● **DATA PROVIDED**
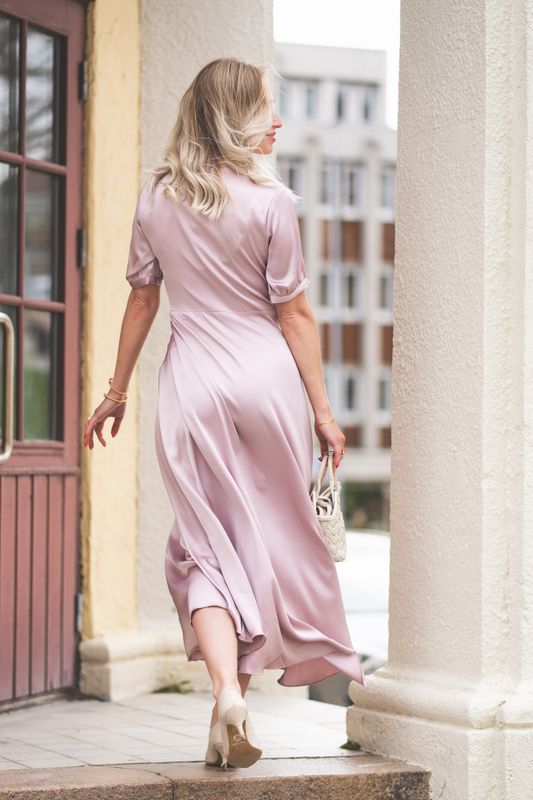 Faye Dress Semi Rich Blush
--
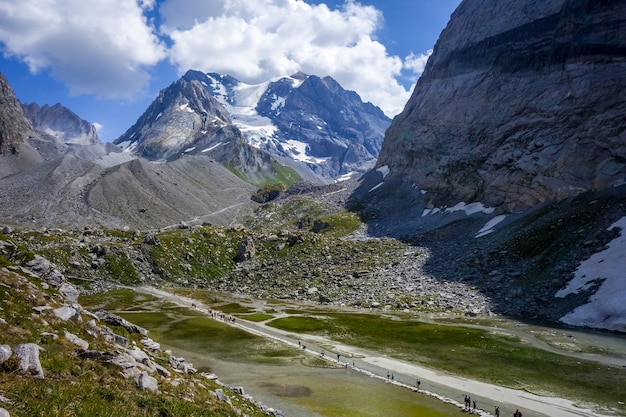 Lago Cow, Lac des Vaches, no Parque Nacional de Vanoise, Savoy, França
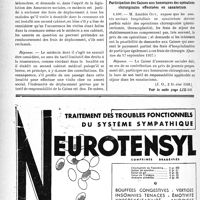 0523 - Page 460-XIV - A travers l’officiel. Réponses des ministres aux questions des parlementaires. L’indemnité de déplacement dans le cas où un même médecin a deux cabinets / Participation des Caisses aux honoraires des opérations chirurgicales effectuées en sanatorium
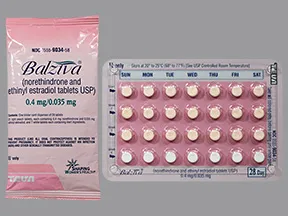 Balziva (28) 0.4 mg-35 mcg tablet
==
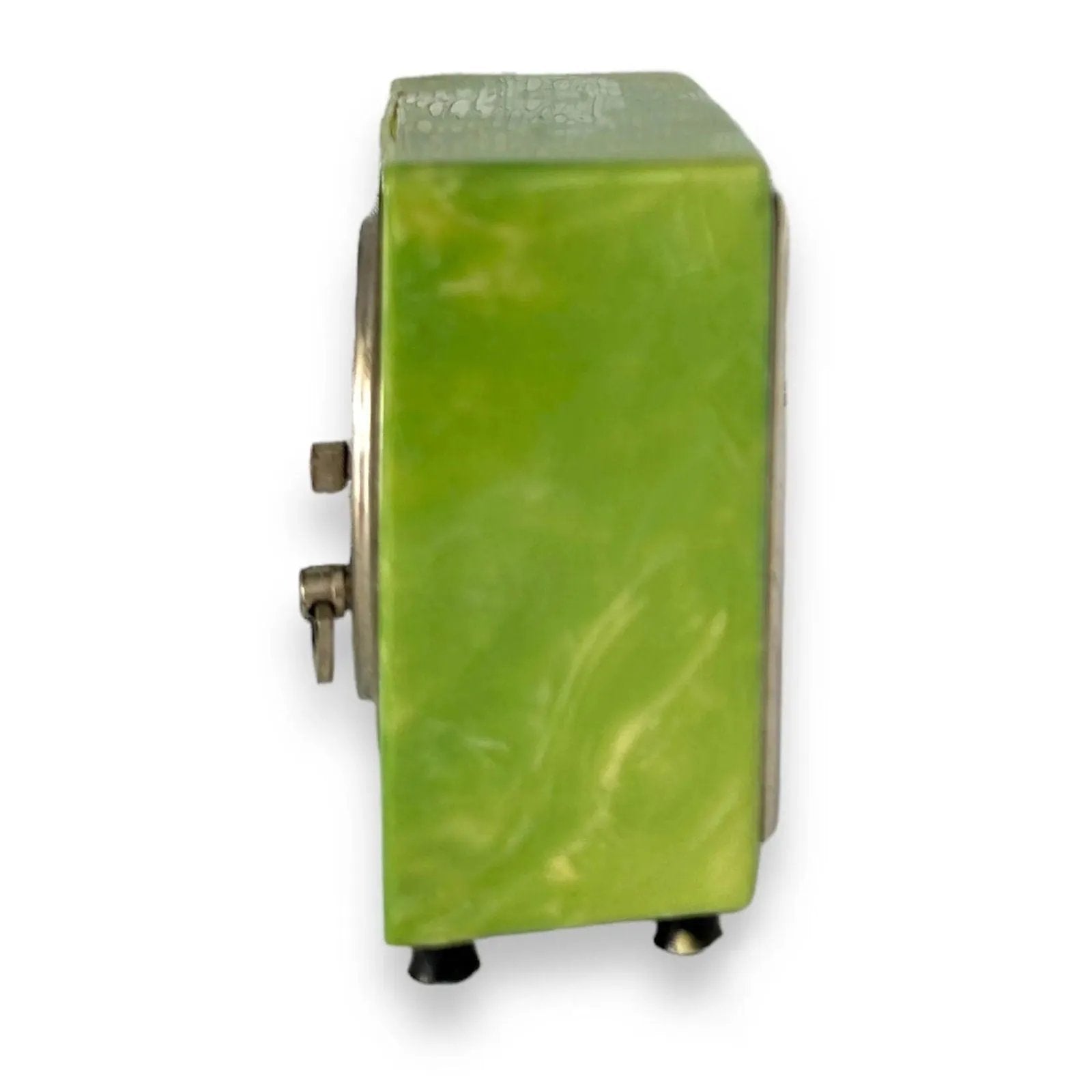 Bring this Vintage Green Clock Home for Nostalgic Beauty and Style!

● **TASK DESCRIPTION**
All pictures are to be skipped. Output, word for word, the lines in the data above starting at the line containing "0523 - Page" and ending at the line containing "Balziva (28) 0.4 mg-35 mcg tablet".

● **EXPECTED OUTPUT**
 0523 - Page 460-XIV - A travers l’officiel. Réponses des ministres aux questions des parlementaires. L’indemnité de déplacement dans le cas où un même médecin a deux cabinets / Participation des Caisses aux honoraires des opérations chirurgicales effectuées en sanatorium
 Balziva (28) 0.4 mg-35 mcg tablet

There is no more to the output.